* [Problem]:
Below are some entries. Transcribe the lines from the one holding "Building Photo - 4" to the one holding "Erkek Önü Düğmeli", inclusive, but not the pictures among them.

* [Records supplied]:
▼▼▼

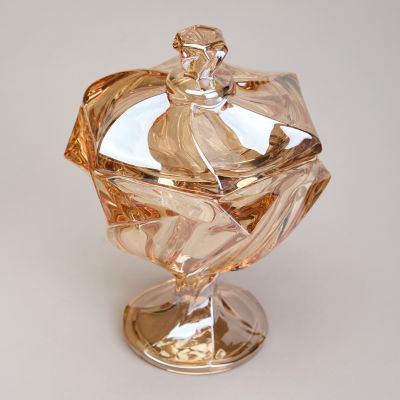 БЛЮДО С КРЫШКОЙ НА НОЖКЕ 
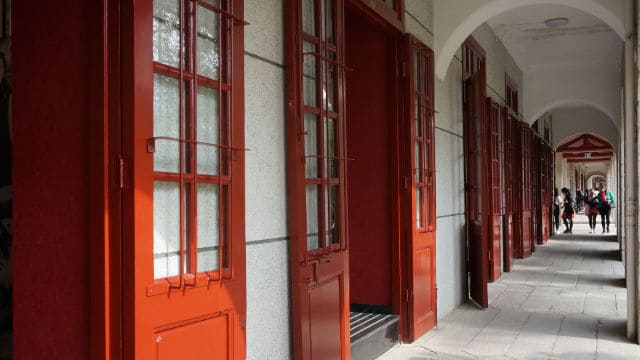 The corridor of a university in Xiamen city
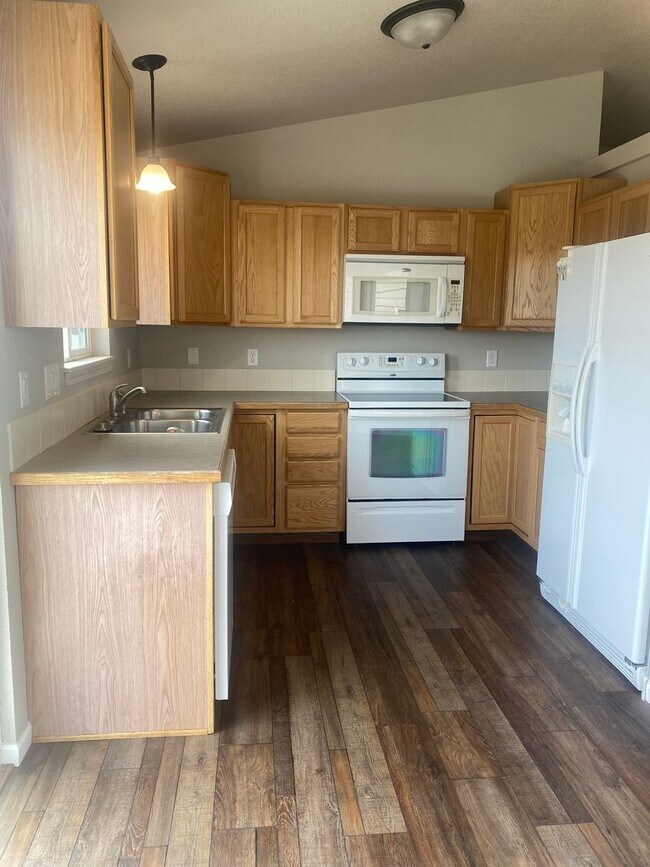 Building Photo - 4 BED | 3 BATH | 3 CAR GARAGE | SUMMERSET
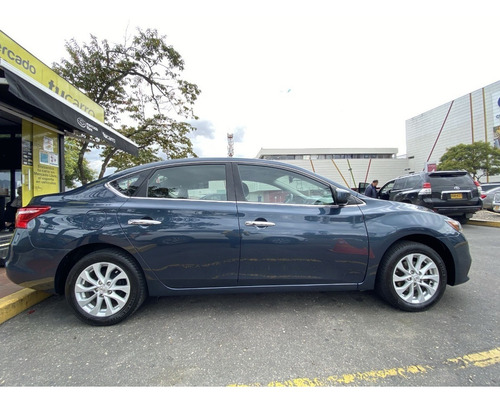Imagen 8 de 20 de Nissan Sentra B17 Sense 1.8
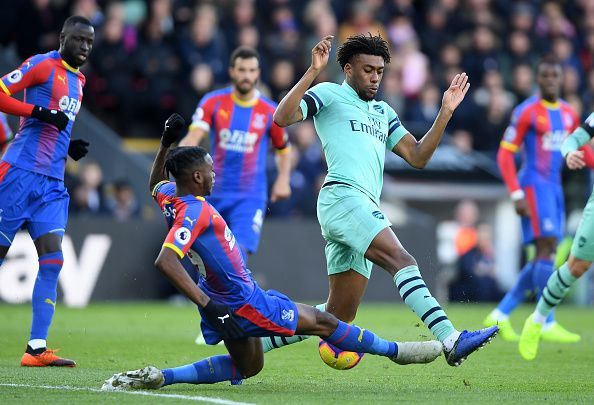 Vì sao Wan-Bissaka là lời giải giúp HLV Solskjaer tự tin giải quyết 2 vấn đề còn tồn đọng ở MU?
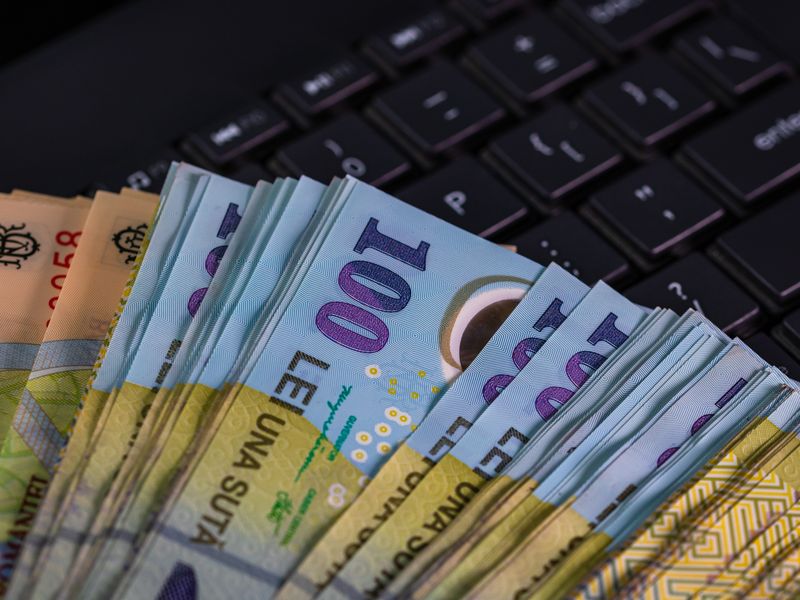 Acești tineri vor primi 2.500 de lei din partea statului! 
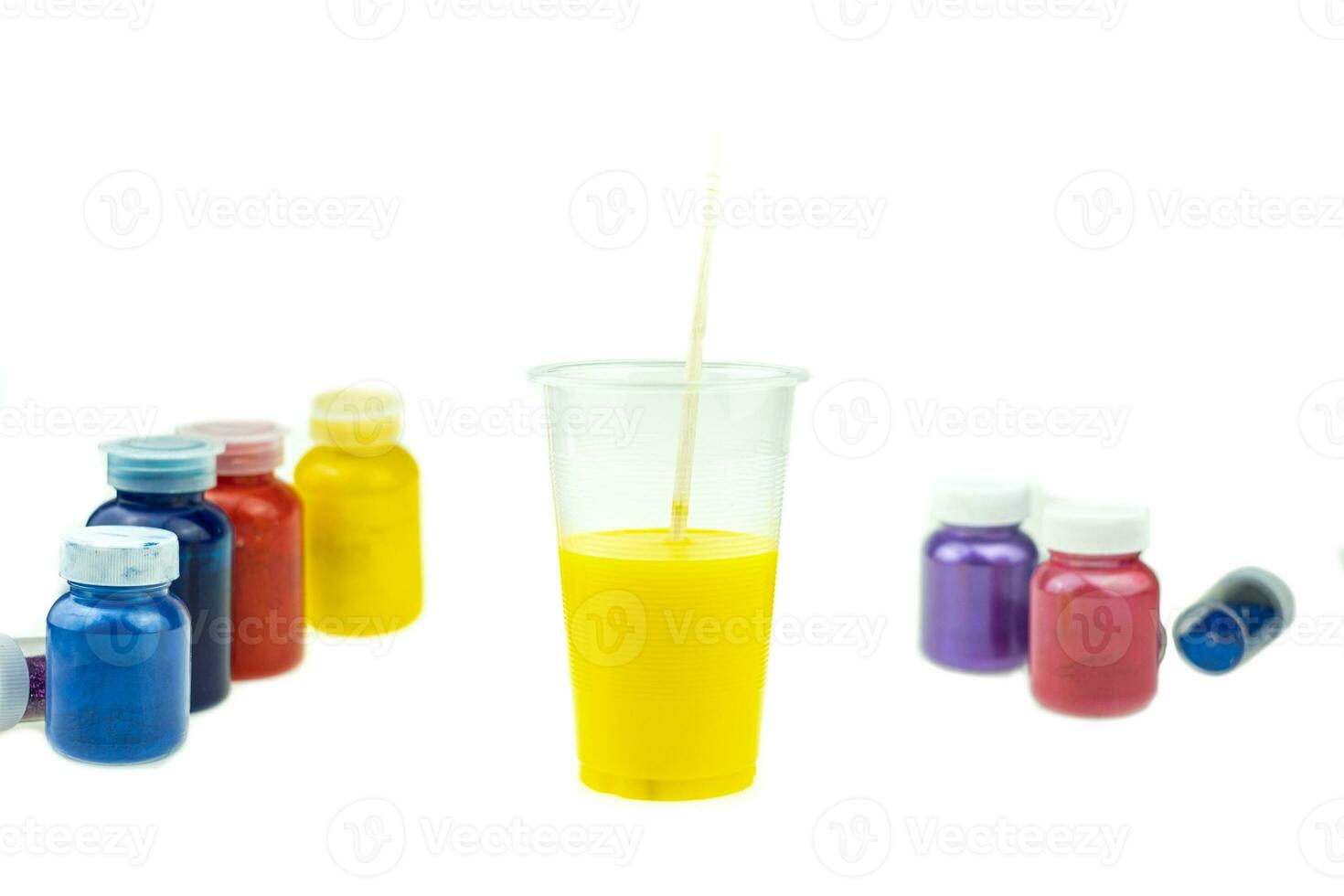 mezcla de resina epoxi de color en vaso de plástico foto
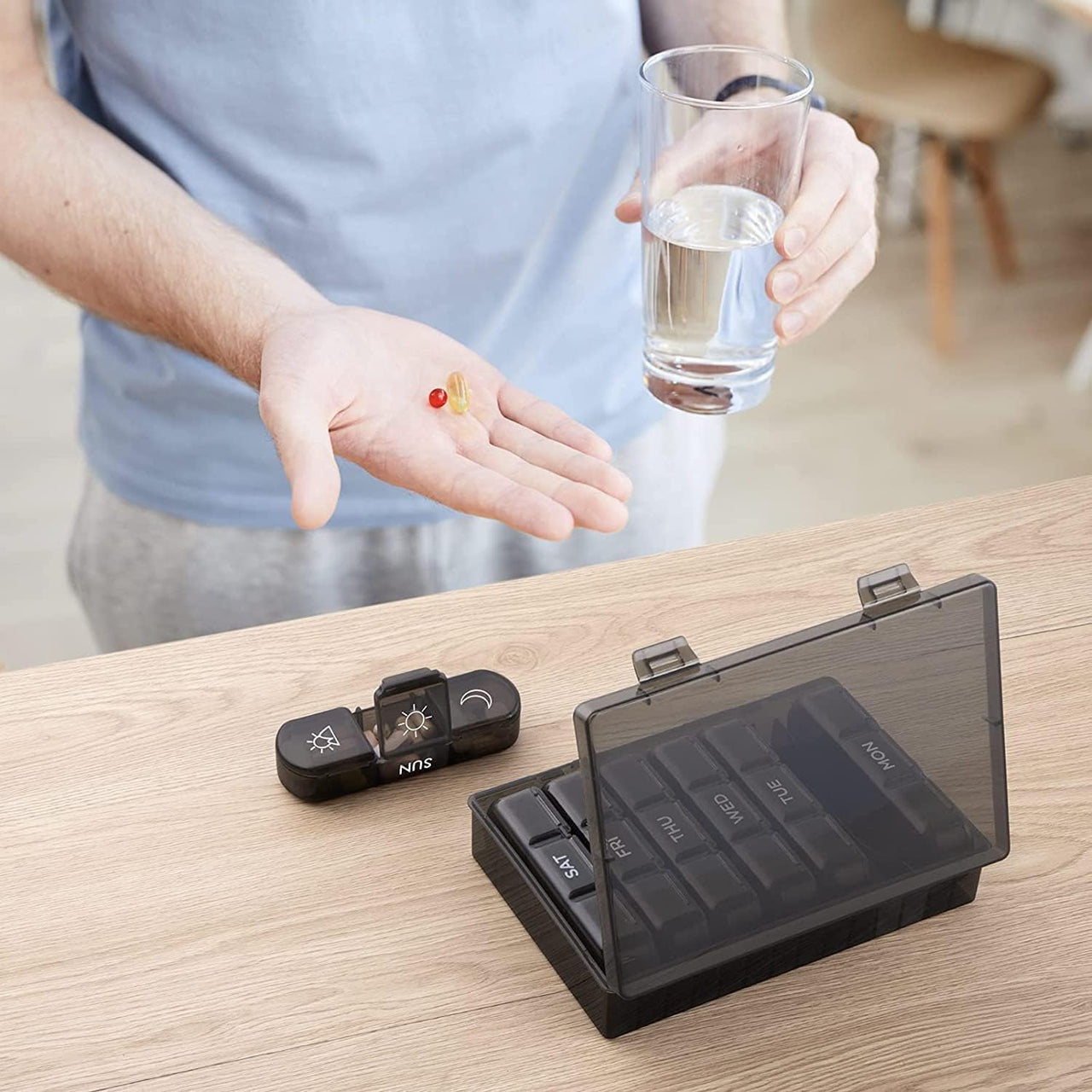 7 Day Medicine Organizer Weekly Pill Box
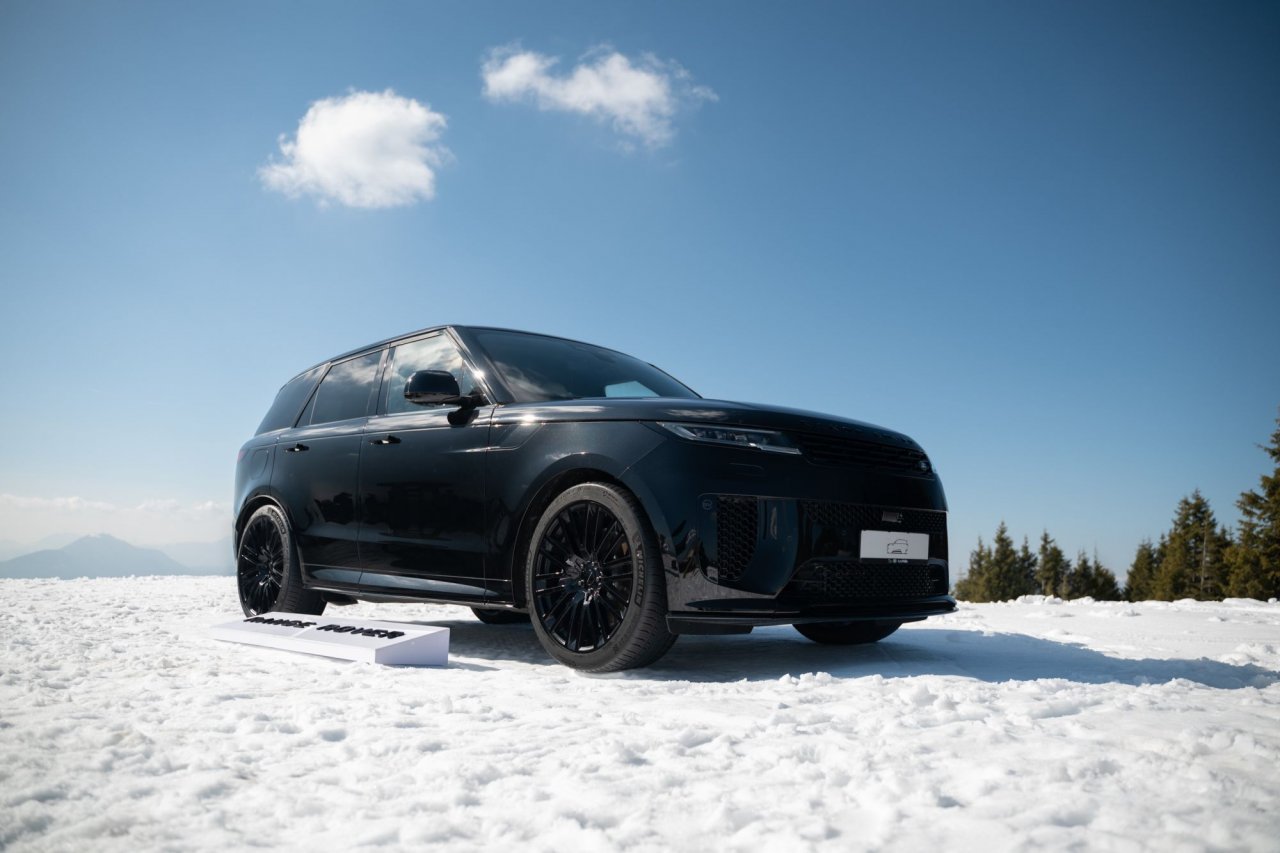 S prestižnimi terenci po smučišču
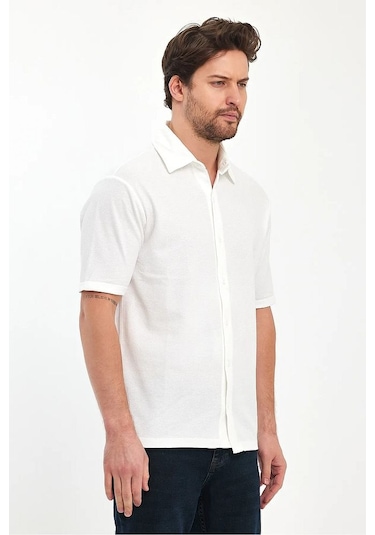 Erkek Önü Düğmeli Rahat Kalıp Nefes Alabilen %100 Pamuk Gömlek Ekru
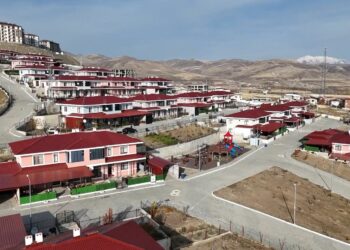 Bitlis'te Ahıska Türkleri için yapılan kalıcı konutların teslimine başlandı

▲▲▲

* [Exercise solution]:
 Building Photo - 4 BED | 3 BATH | 3 CAR GARAGE | SUMMERSET
Imagen 8 de 20 de Nissan Sentra B17 Sense 1.8
 Vì sao Wan-Bissaka là lời giải giúp HLV Solskjaer tự tin giải quyết 2 vấn đề còn tồn đọng ở MU?
 Acești tineri vor primi 2.500 de lei din partea statului! 
 mezcla de resina epoxi de color en vaso de plástico foto
 7 Day Medicine Organizer Weekly Pill Box
 S prestižnimi terenci po smučišču
 Erkek Önü Düğmeli Rahat Kalıp Nefes Alabilen %100 Pamuk Gömlek Ekru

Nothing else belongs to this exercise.